From the December 2007 issue of the Socialist Standard
We look at the shipwreck of yet another attempt to organise a left-of-Labour reformist party.
Respect – acronym for Respect, Equality, Socialism, Peace, Environment, Community, Trade unionism – was set in January 2004 by George Galloway and the Socialist Workers Party to try to make political capital out of the widespread opposition to the Iraq War.

The SWP is a Leninist vanguard party and as such is always on the look-out for protest movements to take over with a view to recruiting more members and followers for itself. Before the Iraq War the front organisation which the SWP pushed, in a bid to create a left-of-Labour political party it could influence, was the “Socialist Alliance”. But they had been thinking about “playing the Muslim card” since the time of the first Gulf War.

According to “author and academic” Jamal Iqbal, writing in the East London Advertiser (8 November):
“Leading figures in the SWP had been advocating the alliance with religious groups for some time. In the 1994 pamphlet, Prophet and the Proletariat, Chris Harman – then as now one of the SWP’s chief ideologists – argued that the party should make common cause on the issue of ‘anti-imperialism’ with Islamists, in part as a way of recruiting their members”.
Much to the annoyance of others who had participated in the project, the SWP decided to pull the plug on the “Socialist Alliance” so that its members could concentrate on building up and controlling Respect. For a while the strategy of building up Respect as a left-wing alternative to Labour seemed to be working. In the 2004 European Parliament and London Assembly elections Respect polled over a quarter of million votes.

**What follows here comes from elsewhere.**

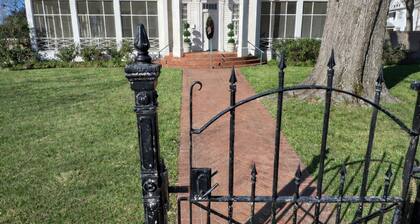 Near SAU & Magnolia Square; Historic Mansion that sleeps 8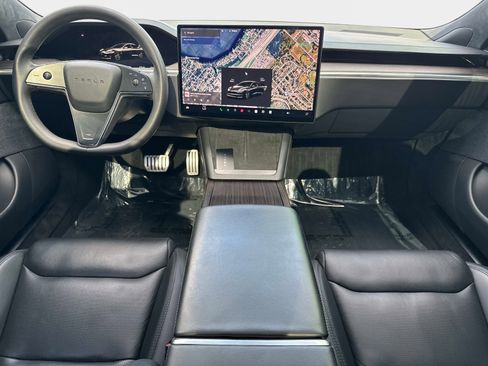 Used 2023 Tesla Model S image 32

Then, in the General Election the following year, Galloway scored a spectacular victory in the Bethnal Green and Bow constituency in the East End of London over the sitting Labour MP, Oona King, becoming the first left-of-Labour MP to be elected at a General Election since 1945.

Galloway’s victory was followed by an equally spectacular breakthrough at local level, when 12 Respect councillors were elected to Tower Hamlets borough council where they became the official opposition to Labour ahead of the Tories and the Liberals. Some on the left saw this as the beginning of an electoral challenge to Labour from the left which could spread. But they overlooked two things. First, that all 12 Respect councillors were of Bangledeshi origin and had been elected, not as leftwingers, but on the basis of Muslim “communalism”, of playing the Muslim card to win the Muslim vote. Second, that not far away in Dagenham there was another spectacular result: the British National Party with 11 councillors emerged as official opposition. Their votes had been obtained by playing the “white working class” and “anti-Muslim” card – and there are more “white workers” in Britain than “Muslims”. What Respect and the SWP were doing was splitting the working class on religious and communalist lines and in effect opening the door for the BNP.

Now the whole thing has blown up in their face. In September Galloway issued a circular denouncing the SWP’s stranglehold on Respect. He and his supporters began to organise to put the SWP in its place. The SWP responded by expelling some of its members who refused to break with Galloway and then provoking a split in Respect.

At local level, in Tower Hamlets, this took the form of four councillors breaking away from the Respect group and forming a new “Respect (Independent)” group on the council. Their leader was Councillor Oliur Rahman who, as Respect candidate in Poplar and Canning Town at the 2005 General Election, had come third, polling a respectable 6573 votes or 17 percent. According to the local paper, their press conference on 29 October to announce the breakaway “was overseen by John Rees, the main man in the Socialist Workers Party and still currently the national secretary of Respect” (East London Advertiser, 1 November).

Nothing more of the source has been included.